- _Assignment_: Report each line of the data that includes the word "adidas".

- _Task data_:
○ ○ ○

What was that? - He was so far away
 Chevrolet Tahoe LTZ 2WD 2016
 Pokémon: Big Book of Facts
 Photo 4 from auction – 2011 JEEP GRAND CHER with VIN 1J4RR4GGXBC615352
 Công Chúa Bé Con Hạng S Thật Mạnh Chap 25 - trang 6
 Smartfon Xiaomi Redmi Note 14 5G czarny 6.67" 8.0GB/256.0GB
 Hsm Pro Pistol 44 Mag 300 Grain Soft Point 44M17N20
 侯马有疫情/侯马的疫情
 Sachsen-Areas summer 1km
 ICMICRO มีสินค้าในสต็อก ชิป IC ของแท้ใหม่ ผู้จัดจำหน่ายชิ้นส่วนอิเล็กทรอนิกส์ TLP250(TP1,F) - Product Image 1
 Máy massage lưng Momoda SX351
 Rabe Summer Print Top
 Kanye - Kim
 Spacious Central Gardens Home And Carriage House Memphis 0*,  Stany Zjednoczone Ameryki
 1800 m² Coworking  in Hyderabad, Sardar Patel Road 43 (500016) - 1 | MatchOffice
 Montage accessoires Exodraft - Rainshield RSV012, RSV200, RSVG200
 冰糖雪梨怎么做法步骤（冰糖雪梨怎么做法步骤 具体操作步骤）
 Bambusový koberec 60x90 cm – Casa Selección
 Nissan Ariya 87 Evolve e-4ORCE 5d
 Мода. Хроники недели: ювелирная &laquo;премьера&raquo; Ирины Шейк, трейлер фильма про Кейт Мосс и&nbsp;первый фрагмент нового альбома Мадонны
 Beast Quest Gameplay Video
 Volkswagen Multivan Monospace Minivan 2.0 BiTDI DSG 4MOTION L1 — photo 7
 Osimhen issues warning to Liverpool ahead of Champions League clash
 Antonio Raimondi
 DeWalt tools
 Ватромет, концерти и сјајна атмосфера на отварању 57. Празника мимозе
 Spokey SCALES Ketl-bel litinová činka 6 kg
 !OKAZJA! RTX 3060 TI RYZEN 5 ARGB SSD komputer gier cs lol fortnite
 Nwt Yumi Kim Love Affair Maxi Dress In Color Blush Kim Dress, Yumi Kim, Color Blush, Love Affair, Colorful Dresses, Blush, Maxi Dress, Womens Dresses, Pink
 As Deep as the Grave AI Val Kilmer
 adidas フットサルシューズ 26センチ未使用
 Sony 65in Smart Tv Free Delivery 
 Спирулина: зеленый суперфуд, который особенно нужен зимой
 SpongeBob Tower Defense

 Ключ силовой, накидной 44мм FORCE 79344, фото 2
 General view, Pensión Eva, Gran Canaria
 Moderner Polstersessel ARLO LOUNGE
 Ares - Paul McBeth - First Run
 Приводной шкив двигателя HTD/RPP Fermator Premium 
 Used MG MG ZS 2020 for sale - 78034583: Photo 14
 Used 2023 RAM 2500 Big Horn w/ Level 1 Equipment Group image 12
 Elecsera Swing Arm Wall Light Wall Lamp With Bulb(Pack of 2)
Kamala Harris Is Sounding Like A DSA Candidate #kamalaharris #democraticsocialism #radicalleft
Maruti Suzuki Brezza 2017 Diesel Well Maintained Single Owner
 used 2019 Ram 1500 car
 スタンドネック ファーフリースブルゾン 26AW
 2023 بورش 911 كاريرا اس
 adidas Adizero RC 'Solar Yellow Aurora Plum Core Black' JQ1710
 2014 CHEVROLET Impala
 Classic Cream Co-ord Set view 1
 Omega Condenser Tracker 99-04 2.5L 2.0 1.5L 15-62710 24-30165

○ ○ ○

- _Exercise solution_:
 adidas フットサルシューズ 26センチ未使用
 adidas Adizero RC 'Solar Yellow Aurora Plum Core Black' JQ1710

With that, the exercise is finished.